Gregory A. Myers, “Textbooks and the Sociology of Scientific Knowledge,” English for Specific Purposes, 11 (1992): 3–17.

自然科学の世界では,教科書を読んだからといって物理学者になれるわけではないし,また教科書を書いたからといって業績評価されるとも限らない.それでは教科書というのは何なのか.この論文では,科学者の誕生と,事実の誕生という二つの線に沿って,教科書についての科学的知識の社会学(SSK)の議論を紹介する.

クーンは「科学研究におけるドグマ」(1963)の中で,教科書そのものだけでなく,その使われ方が自然科学を他の学問とは異なるものとすると論じた.たとえば自然科学では,教科書を読む学生はほとんど研究の前線とは接点を持たない(人文学や社会科学ではより近い関係にある).同じ分野について複数の教科書がある場合でも,そのあいだの違いは実質的なものではない.また,教科書は学生をひとつのパラダイムに染め上げてしまい,他の方法では考えられなくしてしまうという(そもそもパラダイムをもっとも顕著に象徴するのが教科書である).だが,DNA研究をしていたワトソンの事例が示しているのは,教科書を疑えるようになってはじめて一人前の科学者だということだ.もし科学者が教科書を参照しているのならば,それは自分の立つ(疑わしい)前提を明文化しているのだとも言える.

教科書は科学的事実の終着点と考えられる.科学的事実の社会的形成にあたって重要なのは,ドイツ語から英訳されてようやく知られるようになったフレック『科学的事実の起源と発展』(1935/英訳1979)だ.フレックは科学をjournal science, vademecum science, textbook science, popular scienceに分類した.残念ながら教科書についてはあまり書いていないが,ハンドブック(vademecum)については,科学的知識は雑誌論文というもっとも個性のあふれる媒体から,ハンドブックという,いくらかの統制された,基本的な概念や問題設定の仕方を定める媒体へと移ることを論じている.総説論文なども同じような役割を果たすが,当該分野に入ることを志す者が必ず読むという点ではハンドブックはより重要である.同様に,ザイマンも,研究論文から教科書に至る科学的事実の展開を「結晶化」という比喩で論じた.その重要な主張は,教科書を書くことは,実験機器を操るのと同じ程度に,科学研究の一部をなすのだということだ.その他,(周辺の文脈も含めた)文献参照の関係や,ラトゥールなどの言う五つの文型を用いて教科書と研究論文の違いを分析することもできる.

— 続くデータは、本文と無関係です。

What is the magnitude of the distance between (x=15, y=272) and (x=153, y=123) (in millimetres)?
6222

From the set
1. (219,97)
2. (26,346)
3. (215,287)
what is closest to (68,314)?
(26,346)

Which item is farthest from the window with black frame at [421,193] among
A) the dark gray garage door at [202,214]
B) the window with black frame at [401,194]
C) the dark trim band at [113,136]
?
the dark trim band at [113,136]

教科書と研究論文のあいだにはさまざまな違いがある.たとえば非人称主語の使用(研究論文ではしばしば we などを使うことで主要な主張がなされる),時制の違い(研究論文では特定の実験に言及するので過去形を使うが,教科書は普遍的事実として言及するのでほとんど現在形である),様相の使用(研究論文では非常に多くの様相文が登場し,新発見はほとんど間違いなく様相がつく),接続詞の使用(研究論文は読者に専門知識を前提するので,接続詞をほとんど使わない),文献参照(教科書がどの程度の文献を参照するかはまちまちだが,研究論文は文献参照することによって自分の位置づけを明らかにする),図表の機能(研究論文では証明の道具だが,教科書ではあくまでも例示である)などである.

Written on January 22, 2019.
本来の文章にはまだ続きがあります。